TASK TO CARRY OUT => For this exercise, write out the full listing that follows exactly and skip its pictures.

INFORMATION =>
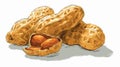 Delicious Peanuts Food Vector Art with Outline Isolated on White Background Royalty Free Stock Photo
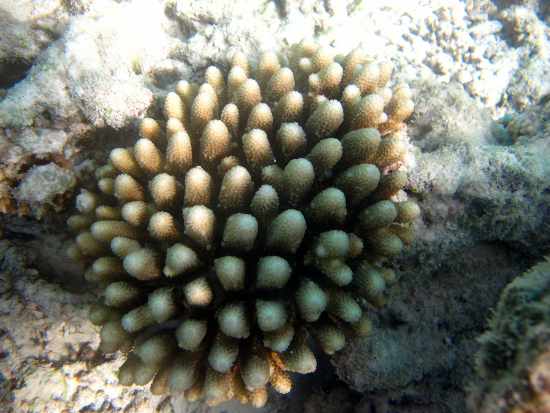  Acropora monticulosa (Acropora monticulosa)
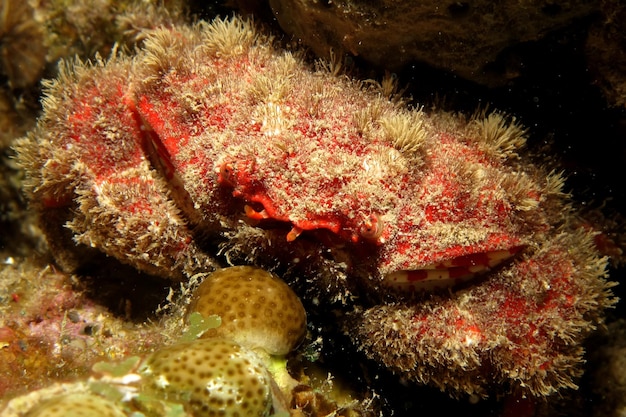 Un primer plano del coral en el mar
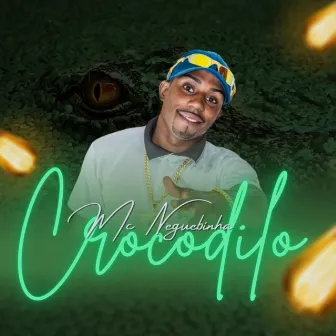 Crocodilo by mc neguebinha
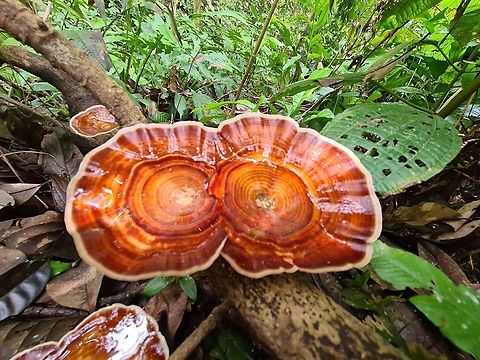 Siamese twin Microporus xanthopus Two uniquely merge twin holding fresh rain water.
Got this description from another local research site:
Description
The cap of this fungus is broadly funnel-shaped, subcircular, leathery, glossy and smooth with concentric zones of cream, dark brick, dark brown to blackish, margin paler, thin and wavy. The pores is cream, pores tiny and only visible with a hand lens while the stipe is cylindrical, smooth, yellow and central to slightly eccentric. This fungus is a very common wood inhabiting fungus in Malaysia lowland rainforests and can be found throughout the year at FRIM.
 Geotagged,Malaysia,Microporus xanthopus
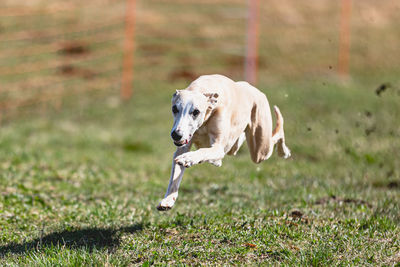 Dog running straight on camera and chasing coursing lure on green field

WRITTEN SOLUTION =>
 Delicious Peanuts Food Vector Art with Outline Isolated on White Background Royalty Free Stock Photo
  Acropora monticulosa (Acropora monticulosa)
 Un primer plano del coral en el mar
 Crocodilo by mc neguebinha
 Siamese twin Microporus xanthopus Two uniquely merge twin holding fresh rain water.
Got this description from another local research site:
Description
The cap of this fungus is broadly funnel-shaped, subcircular, leathery, glossy and smooth with concentric zones of cream, dark brick, dark brown to blackish, margin paler, thin and wavy. The pores is cream, pores tiny and only visible with a hand lens while the stipe is cylindrical, smooth, yellow and central to slightly eccentric. This fungus is a very common wood inhabiting fungus in Malaysia lowland rainforests and can be found throughout the year at FRIM.
 Geotagged,Malaysia,Microporus xanthopus
 Dog running straight on camera and chasing coursing lure on green field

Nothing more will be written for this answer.